I have decided to start a blog to practice writing about films. My college major is cinema studies, and my interest lies in the theoretical and the critical areas thereof. I enjoy writing about films, but have no real experience at it, so I thought perhaps it was time to start. Especially since accounting...? Is just not working out for me. I mean, I'm pretty good at it, don't get me wrong; it's just that I hate it with a fiery passion. So, here's my film blog. I was going to start out with my top five films of all time, but since those change with alarming frequency, I think it will be easier to stick to a one-film-at-a-time format.

And so I begin with The Texas Chainsaw Massacre, one of the finest pieces of filmmaking ever released. Sure, you can call it a slasher flick, or you can look at it as simply a cheesy horror movie, but really, it is a film. It is the Citizen Kane of its genre. This film terrified people to the point of protesting screenings of it. This is a film that 33 years after its release is still scaring people. In all honesty, it should be considered a classic.

And why, one might ask? Why should this mere horror movie be considered a classic film, right up there with Casablanca? Well, no matter how one feels about the horror film in general, one cannot deny that it has set a gold standard for the genre. Nobody has looked at a chainsaw the same way since 1974. That's saying something, isn't it? A common power tool, in the hands of a disenfranchised agricultural worker, becomes a symbol of rage and terror. This is the narrative P.O.V; it is made clear that the horrifying cannibal family are former slaughterhouse workers who are no longer needed, as new, more efficient (mechanical) methods of slaughtering cattle have been created. There simply is no more need for human beings to physically kill the cattle.
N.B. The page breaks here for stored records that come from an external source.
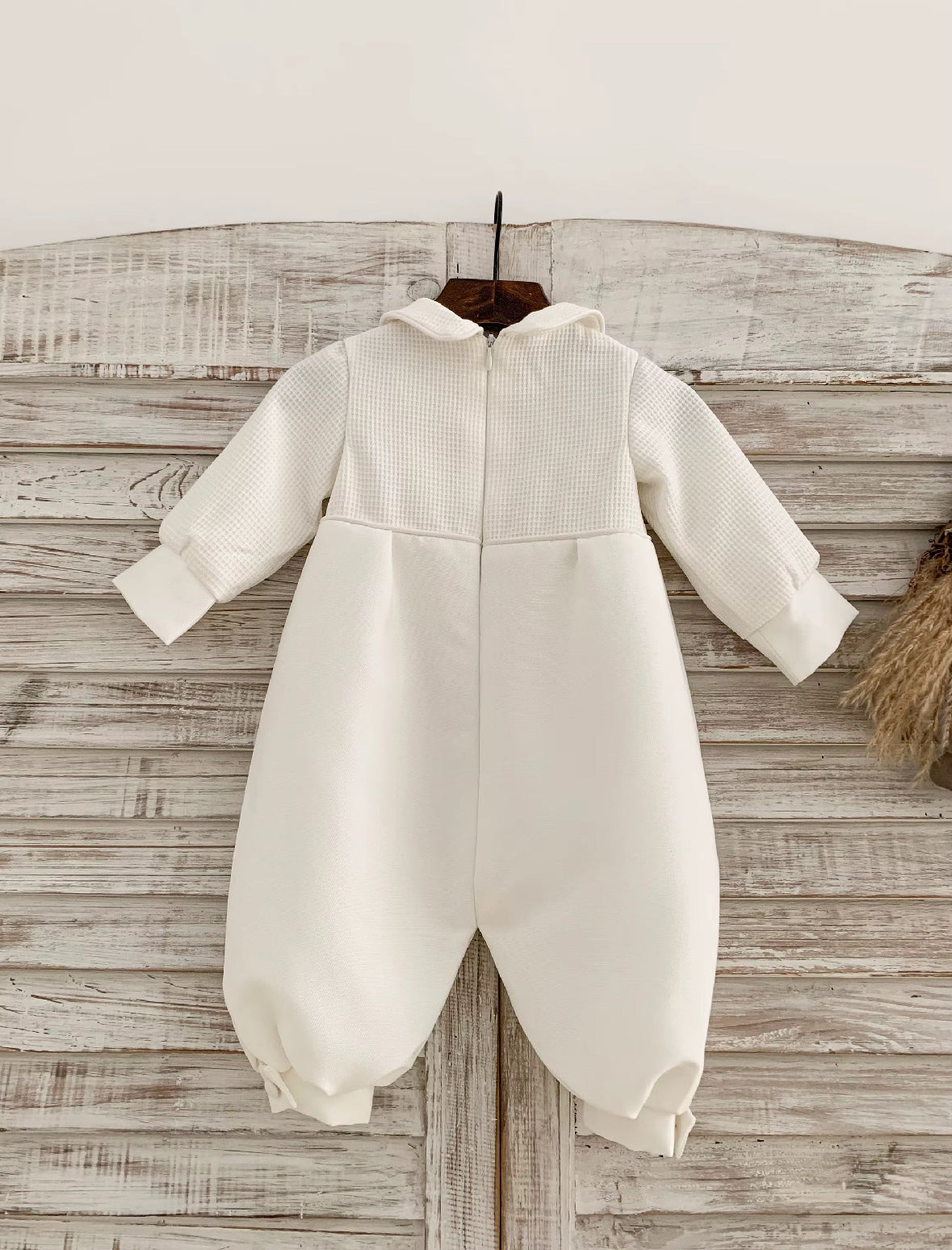 PREMIUM COLLECTION Jacob - Ivory Mikado Christening Romper Set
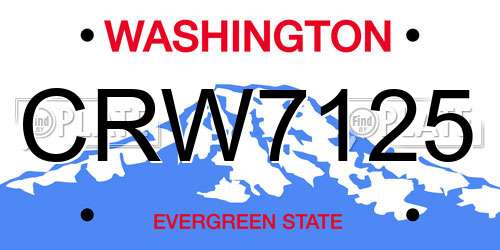 CRW7125 Washington License Plate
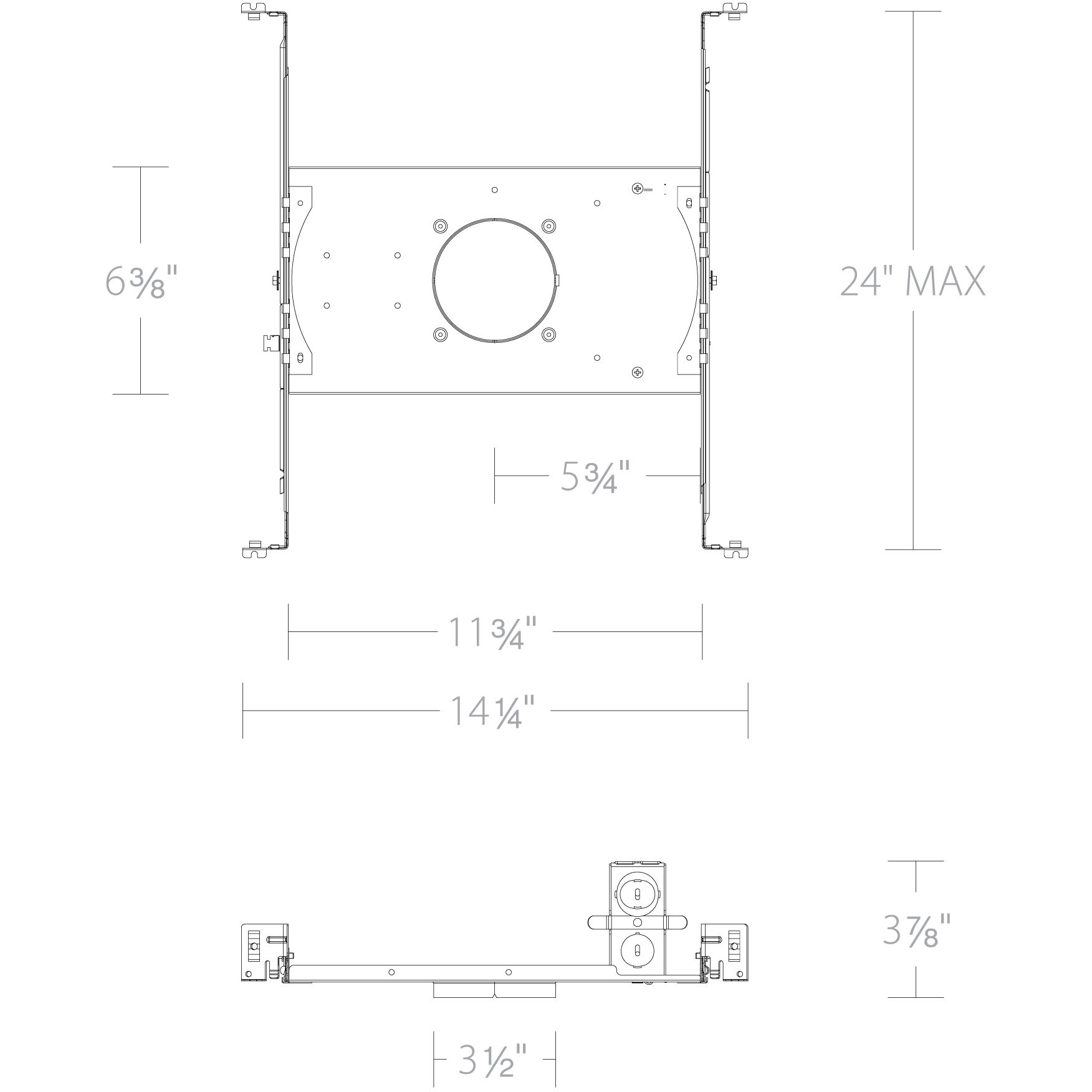FQ Galvanized Steel Recessed Housing, 2" Housing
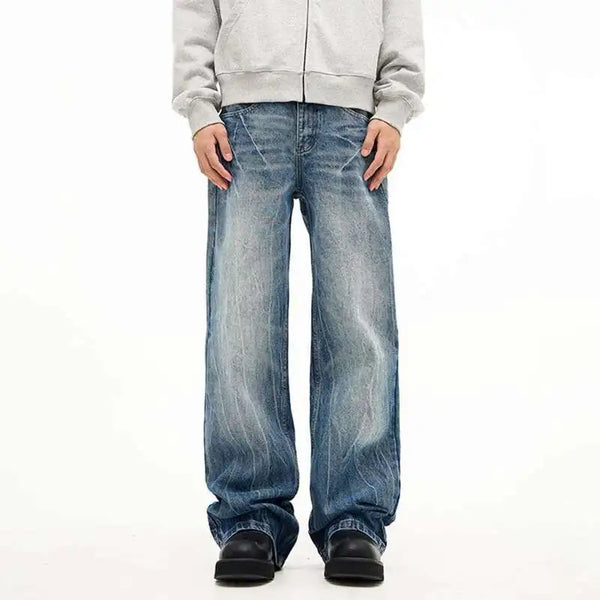 Lightning Pattern Bell Leg Denim Trousers alternatif görünüm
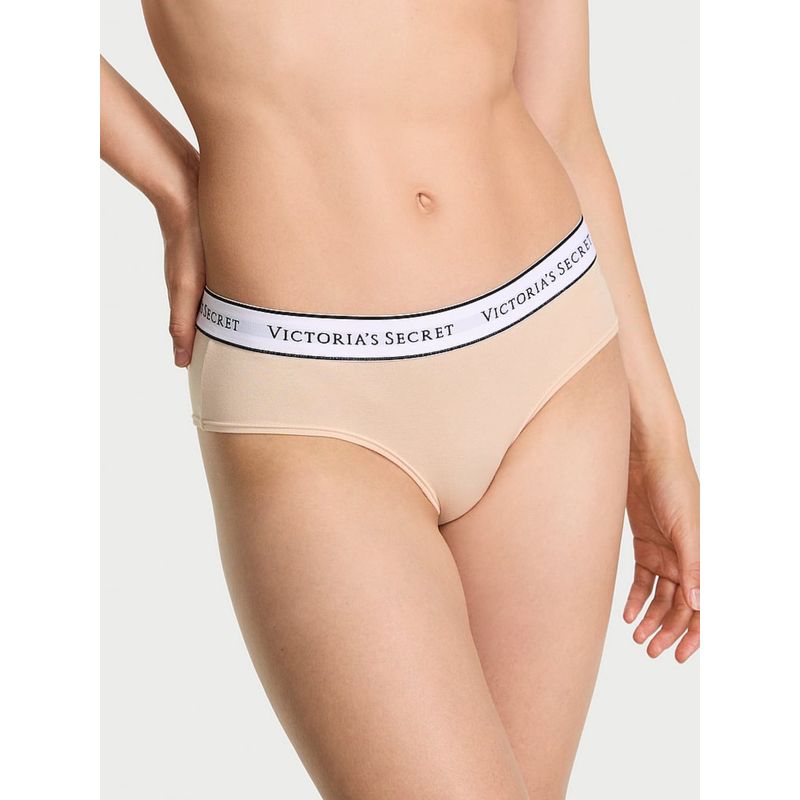 Victoria's Secret Beige Cotton Logo Cheeky Hipster Panty (L)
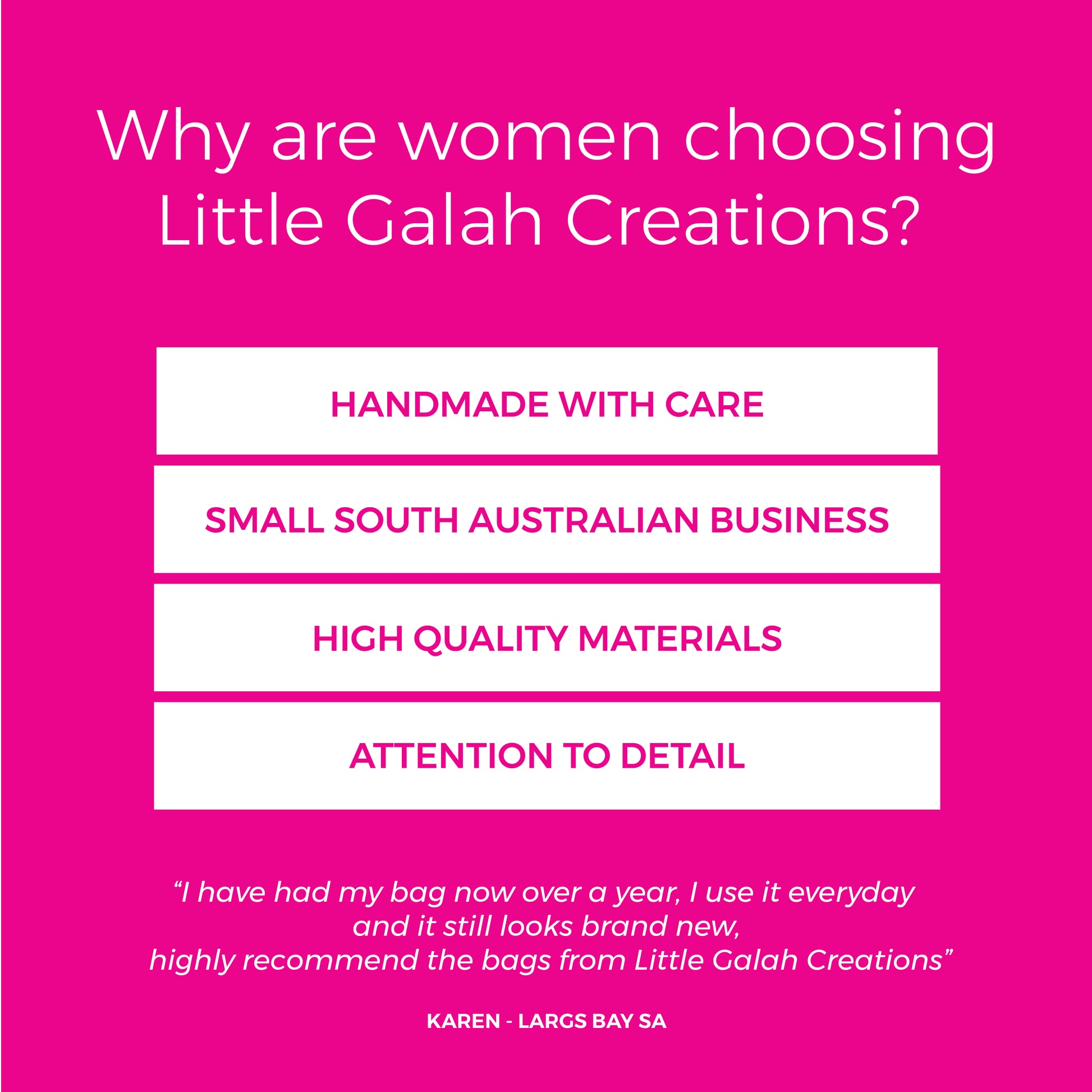 Promotional graphic for Little Galah Creations on a pink background with text about the brand's qualities.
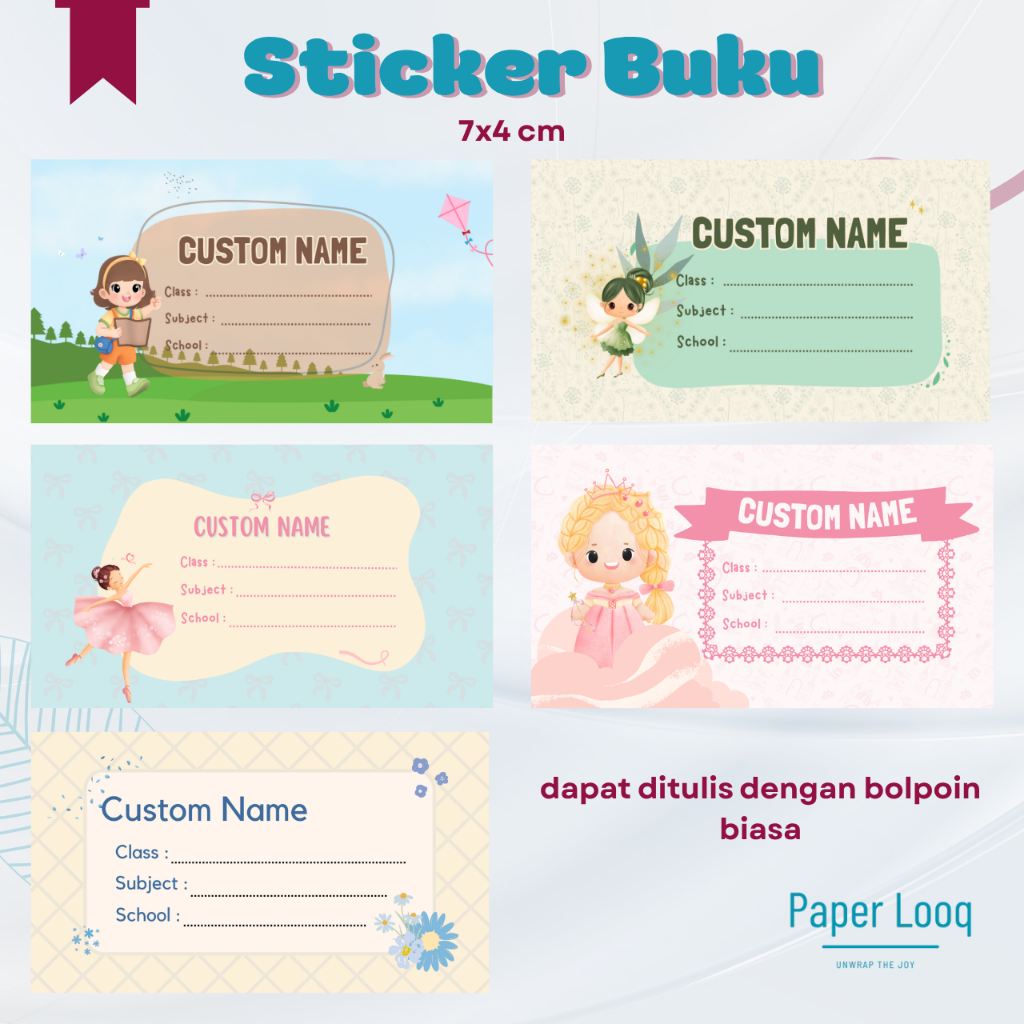 

20 pcs sticker nama buku sekolah custom siap pakai bisa tulis ballpoint langsung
And where does this leave the family? They are the last in line of generations of abbatoirists before them; it is the only work they've ever known, the only skill they possess. What are they to do now? How are they to survive? And what, indeed, will become of them?

And the sheer brutality... (which, contrary to popular opinion, is almost entirely off screen... most of what the viewer sees is a suggestion of violence {but what a suggestion!}) ... many people had forgotten that human beings were capable of such violence, until stories started to come back from Vietnam. The tales of the atrocities committed there had no representation in reality for many people until they saw this film. They were abstract ideas, things that most people had never seen and would likely never see. And while film violence is arguably on a completely different level than that of actual violence, since most people's limited "experience" with violence is filmic experience, and up to that point that exposure had been neat and sanitary (a punch thrown, almost visibly not connecting, accompanied by clearly fake slapping sounds; or in the case of war films, death looking immediate, painless, and blood-free), TCM brought home these abstract concepts in such a way that people could no longer ignore the fact that war is messy and ugly and painful and intense. This is a hard truth for many to face, especially after getting caught up in all the patriotism of going to war; one reason why it was so widely denounced, though in reality not a manifest function of the film.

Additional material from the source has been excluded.